ACEHFOOTBALL.net — Ingatkah Anda dengan “Salah Asuhan”? Sebuah novel karya Abdoel Moeis yang diterbitkan tahun 1928 oleh Balai Pustaka. Novel yang terbit di Hindia Belanda dianggap sebagai karya Sastra Indonesia modern terbaik sepanjang masa.
Bercerita tentang anak muda bernama Hanafi yang menikah dengan Rapiah sebagai balas jasa mamaknya, Sutan Batuan, yang membantu biaya sekolah Hanafi. Tapi, Hanafi tak cinta lalu menceraikan Rapiah, dan menikah dengan Corrie du Busse, wanita Indo-Prancis.
Kehidupan rumah tangga Hanafi-Corrie tak berjalan mulus.

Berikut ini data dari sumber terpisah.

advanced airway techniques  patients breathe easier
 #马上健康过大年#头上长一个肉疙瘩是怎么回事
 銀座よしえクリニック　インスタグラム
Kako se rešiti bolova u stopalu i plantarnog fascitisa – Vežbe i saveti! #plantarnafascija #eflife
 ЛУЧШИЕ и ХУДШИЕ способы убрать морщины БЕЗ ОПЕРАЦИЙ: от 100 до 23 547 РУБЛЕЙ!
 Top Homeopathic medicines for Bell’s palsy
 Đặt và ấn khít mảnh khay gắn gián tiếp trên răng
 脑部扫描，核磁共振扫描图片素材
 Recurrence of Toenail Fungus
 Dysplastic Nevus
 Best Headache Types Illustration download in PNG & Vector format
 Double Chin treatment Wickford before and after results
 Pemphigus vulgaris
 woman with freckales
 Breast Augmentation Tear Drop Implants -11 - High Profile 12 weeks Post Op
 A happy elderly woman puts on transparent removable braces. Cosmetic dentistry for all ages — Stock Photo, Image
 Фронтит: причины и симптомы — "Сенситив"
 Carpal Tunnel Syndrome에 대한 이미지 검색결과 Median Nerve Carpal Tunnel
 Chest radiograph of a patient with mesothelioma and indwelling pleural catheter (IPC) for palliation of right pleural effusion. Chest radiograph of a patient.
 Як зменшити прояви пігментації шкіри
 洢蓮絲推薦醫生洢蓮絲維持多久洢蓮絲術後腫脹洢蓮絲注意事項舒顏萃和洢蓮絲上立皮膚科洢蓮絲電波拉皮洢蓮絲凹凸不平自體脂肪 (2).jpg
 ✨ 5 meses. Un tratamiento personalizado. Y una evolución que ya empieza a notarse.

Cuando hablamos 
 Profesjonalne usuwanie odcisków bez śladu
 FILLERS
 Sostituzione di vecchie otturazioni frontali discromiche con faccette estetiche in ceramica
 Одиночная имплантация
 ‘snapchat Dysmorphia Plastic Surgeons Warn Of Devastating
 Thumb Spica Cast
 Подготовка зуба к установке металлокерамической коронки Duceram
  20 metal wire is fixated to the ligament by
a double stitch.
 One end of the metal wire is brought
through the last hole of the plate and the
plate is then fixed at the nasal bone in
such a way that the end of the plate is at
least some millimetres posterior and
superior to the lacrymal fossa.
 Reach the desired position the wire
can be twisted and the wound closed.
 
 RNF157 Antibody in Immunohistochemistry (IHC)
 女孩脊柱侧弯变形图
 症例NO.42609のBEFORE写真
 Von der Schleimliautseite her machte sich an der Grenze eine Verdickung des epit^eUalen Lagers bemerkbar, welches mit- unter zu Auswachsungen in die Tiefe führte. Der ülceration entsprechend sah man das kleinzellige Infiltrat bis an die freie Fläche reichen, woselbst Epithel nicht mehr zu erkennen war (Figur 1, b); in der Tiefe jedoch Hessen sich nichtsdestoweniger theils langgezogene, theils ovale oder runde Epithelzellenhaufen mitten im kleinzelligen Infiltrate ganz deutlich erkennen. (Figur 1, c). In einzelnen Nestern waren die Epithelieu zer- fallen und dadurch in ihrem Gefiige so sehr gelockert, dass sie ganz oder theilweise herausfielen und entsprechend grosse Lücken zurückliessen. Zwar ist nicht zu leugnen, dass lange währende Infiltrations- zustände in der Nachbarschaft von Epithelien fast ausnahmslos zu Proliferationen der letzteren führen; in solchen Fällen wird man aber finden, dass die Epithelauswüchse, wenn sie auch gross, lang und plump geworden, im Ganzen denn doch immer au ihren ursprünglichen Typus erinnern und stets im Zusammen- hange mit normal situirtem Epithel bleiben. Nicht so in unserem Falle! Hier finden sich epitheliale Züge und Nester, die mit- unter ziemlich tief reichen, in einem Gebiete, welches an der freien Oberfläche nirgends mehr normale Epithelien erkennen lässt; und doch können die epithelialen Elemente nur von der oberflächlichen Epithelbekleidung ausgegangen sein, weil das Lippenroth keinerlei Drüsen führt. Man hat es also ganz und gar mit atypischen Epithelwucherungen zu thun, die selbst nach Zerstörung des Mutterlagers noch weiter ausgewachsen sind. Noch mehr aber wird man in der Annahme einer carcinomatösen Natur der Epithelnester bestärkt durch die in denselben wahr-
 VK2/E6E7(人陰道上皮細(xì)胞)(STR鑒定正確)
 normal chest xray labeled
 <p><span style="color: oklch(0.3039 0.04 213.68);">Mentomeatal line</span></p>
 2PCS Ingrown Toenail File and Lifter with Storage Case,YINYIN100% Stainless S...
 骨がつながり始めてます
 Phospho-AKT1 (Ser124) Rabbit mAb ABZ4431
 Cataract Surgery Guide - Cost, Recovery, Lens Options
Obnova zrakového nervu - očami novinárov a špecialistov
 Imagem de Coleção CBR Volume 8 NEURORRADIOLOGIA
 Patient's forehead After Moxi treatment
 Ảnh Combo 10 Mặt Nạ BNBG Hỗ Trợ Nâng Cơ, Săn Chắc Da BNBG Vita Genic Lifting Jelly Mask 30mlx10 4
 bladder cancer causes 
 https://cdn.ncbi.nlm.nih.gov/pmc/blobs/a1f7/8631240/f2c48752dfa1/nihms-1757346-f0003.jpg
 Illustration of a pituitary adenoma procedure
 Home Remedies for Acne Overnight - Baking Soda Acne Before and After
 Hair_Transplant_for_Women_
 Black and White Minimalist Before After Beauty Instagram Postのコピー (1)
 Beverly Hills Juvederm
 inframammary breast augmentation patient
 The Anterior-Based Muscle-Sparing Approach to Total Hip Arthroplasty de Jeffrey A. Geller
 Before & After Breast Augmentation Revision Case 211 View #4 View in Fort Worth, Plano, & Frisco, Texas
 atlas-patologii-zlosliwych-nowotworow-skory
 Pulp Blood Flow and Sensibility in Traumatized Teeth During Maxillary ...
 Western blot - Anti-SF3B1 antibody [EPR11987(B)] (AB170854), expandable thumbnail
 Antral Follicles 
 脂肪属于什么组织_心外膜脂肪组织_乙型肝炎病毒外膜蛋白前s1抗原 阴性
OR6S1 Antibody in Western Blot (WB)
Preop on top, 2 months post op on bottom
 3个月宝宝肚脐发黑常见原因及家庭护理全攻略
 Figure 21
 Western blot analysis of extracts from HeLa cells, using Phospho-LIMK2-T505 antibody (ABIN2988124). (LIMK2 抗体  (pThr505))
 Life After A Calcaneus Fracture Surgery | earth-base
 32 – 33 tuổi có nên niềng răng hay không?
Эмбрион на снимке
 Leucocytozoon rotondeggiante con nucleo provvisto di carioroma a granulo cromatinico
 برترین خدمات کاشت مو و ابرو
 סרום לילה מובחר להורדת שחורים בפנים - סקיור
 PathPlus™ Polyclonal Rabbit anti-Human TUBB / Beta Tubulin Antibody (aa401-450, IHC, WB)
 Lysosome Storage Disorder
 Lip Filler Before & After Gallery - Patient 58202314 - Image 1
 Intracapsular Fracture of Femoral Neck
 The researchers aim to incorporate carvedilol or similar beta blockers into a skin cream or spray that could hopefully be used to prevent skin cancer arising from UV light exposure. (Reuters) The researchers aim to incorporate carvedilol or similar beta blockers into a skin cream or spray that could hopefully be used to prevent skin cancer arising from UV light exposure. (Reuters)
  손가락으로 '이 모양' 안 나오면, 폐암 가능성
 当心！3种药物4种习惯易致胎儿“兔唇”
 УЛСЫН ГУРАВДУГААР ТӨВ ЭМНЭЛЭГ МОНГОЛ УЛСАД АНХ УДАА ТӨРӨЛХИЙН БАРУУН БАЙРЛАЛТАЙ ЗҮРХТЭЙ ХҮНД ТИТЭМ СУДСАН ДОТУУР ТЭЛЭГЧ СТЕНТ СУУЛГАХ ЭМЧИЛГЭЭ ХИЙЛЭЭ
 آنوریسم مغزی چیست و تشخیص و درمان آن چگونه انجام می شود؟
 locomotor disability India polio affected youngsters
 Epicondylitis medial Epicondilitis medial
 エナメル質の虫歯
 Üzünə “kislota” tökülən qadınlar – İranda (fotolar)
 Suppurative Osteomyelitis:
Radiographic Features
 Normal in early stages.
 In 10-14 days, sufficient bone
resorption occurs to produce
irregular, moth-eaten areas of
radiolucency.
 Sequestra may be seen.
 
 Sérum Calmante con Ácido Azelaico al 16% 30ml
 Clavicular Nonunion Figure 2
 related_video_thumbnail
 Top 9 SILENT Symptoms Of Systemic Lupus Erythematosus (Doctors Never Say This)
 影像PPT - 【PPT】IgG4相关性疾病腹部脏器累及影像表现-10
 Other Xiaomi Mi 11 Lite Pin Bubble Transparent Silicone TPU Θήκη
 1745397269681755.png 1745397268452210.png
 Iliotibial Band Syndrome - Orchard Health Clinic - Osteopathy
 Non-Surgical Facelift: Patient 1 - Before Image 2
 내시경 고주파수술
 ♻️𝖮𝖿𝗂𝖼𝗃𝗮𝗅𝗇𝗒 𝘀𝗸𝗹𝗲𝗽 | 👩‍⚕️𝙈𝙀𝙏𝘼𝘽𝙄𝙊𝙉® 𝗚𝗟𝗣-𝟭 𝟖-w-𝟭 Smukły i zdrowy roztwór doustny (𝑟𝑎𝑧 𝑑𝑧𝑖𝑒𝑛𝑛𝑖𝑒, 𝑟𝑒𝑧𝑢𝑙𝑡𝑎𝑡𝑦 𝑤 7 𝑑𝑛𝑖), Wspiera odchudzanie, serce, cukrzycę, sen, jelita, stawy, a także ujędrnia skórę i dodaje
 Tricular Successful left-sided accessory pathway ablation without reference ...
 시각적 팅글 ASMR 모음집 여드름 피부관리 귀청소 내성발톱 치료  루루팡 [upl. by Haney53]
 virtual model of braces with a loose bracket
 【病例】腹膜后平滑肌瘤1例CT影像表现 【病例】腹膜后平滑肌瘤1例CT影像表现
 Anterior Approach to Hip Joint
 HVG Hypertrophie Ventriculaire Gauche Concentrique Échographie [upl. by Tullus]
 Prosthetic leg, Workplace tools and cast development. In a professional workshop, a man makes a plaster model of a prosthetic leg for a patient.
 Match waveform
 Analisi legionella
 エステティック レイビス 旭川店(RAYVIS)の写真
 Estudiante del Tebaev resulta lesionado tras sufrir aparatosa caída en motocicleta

Setelah sering cekcok, Corrie pergi ke Semarang dan meninggal karena kolera. Hanafi sangat menyesal dan pulang ke Solok. Ia pun meninggal dalam penyesalan.
Seperti itu pula catatan perjalanan sepakbola Indonesia dalam 30 tahun terakhir setelah juara Sea Games 1991. Pondasi yang dibangun rapuh. Pola pikir instan, melupakan pembinaan. Kompetisi profesional penuh masalah.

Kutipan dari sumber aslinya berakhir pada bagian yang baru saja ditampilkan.